::: RECORDS FOR THE EXERCISE :::
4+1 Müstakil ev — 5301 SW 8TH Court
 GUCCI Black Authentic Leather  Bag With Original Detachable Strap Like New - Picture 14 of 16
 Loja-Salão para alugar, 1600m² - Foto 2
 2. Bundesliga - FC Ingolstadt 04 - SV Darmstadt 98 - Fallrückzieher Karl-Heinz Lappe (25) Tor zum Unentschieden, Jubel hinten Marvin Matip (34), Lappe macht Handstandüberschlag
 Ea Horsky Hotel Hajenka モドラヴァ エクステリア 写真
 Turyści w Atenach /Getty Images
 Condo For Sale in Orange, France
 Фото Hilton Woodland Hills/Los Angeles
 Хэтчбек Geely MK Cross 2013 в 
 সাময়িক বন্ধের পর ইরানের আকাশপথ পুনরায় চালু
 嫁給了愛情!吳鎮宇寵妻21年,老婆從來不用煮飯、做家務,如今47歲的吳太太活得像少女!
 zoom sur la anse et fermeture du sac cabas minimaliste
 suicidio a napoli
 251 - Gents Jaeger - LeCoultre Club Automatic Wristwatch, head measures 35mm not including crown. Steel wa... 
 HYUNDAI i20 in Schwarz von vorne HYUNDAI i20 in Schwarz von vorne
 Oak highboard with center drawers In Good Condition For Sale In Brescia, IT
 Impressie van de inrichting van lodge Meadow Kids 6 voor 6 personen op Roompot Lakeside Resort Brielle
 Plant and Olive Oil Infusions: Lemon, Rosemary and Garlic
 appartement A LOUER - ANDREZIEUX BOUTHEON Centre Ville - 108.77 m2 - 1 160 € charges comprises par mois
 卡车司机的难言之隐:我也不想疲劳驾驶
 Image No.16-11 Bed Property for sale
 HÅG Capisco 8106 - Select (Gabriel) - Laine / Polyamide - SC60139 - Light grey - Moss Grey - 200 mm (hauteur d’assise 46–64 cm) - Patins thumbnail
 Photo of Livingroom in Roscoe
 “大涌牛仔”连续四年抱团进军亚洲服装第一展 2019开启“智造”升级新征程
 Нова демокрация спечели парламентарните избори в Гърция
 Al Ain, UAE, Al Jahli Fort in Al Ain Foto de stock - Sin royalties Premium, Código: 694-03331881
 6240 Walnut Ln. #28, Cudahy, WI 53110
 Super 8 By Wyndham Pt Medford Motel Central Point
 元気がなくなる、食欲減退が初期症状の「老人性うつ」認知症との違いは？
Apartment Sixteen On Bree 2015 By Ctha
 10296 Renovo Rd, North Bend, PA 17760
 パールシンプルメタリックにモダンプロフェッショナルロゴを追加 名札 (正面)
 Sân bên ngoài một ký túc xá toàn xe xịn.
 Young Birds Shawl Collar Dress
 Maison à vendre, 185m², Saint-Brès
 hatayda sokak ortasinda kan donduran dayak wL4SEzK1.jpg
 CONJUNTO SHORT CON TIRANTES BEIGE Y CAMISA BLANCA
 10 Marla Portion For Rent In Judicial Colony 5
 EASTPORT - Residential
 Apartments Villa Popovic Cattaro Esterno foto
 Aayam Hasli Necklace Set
:::
All that is wanted is an exact copy of the lines above from the one with "251 - Gents" through the one with "Image No.16-11 Bed Property for sale", with both ends included.

#### RESPONSE AREA
 251 - Gents Jaeger - LeCoultre Club Automatic Wristwatch, head measures 35mm not including crown. Steel wa... 
 HYUNDAI i20 in Schwarz von vorne HYUNDAI i20 in Schwarz von vorne
 Oak highboard with center drawers In Good Condition For Sale In Brescia, IT
 Impressie van de inrichting van lodge Meadow Kids 6 voor 6 personen op Roompot Lakeside Resort Brielle
 Plant and Olive Oil Infusions: Lemon, Rosemary and Garlic
 appartement A LOUER - ANDREZIEUX BOUTHEON Centre Ville - 108.77 m2 - 1 160 € charges comprises par mois
 卡车司机的难言之隐:我也不想疲劳驾驶
 Image No.16-11 Bed Property for sale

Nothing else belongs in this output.